Records to process:
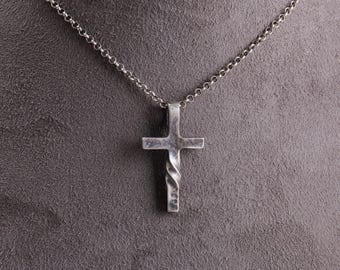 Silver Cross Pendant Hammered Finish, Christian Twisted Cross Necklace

* * *

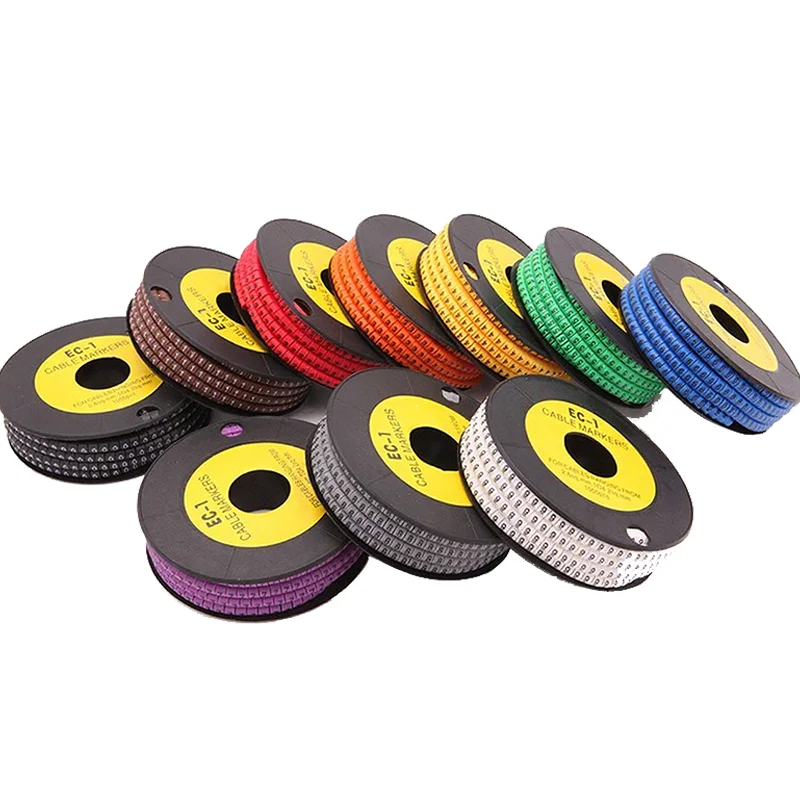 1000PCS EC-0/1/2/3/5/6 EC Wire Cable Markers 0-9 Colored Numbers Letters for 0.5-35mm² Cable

...

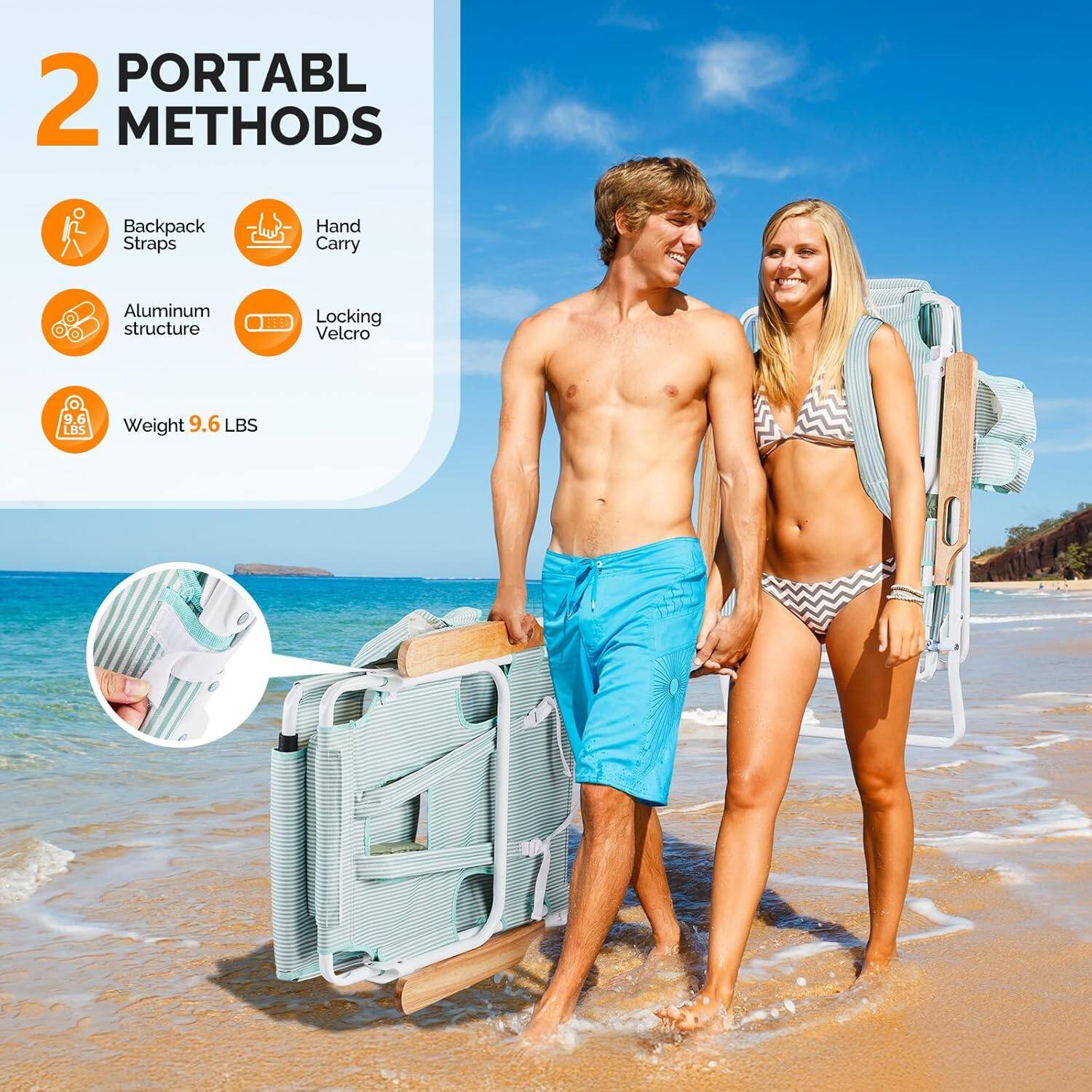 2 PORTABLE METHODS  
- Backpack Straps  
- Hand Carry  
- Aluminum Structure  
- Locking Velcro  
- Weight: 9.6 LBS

Your instructions:
Taking the lines above, repeat exactly those from the line that contains "- Hand Carry" through the line that contains "- Weight: 9.6 LBS", and both of those lines as well. Include nothing else.

Response to the task:
- Hand Carry  
- Aluminum Structure  
- Locking Velcro  
- Weight: 9.6 LBS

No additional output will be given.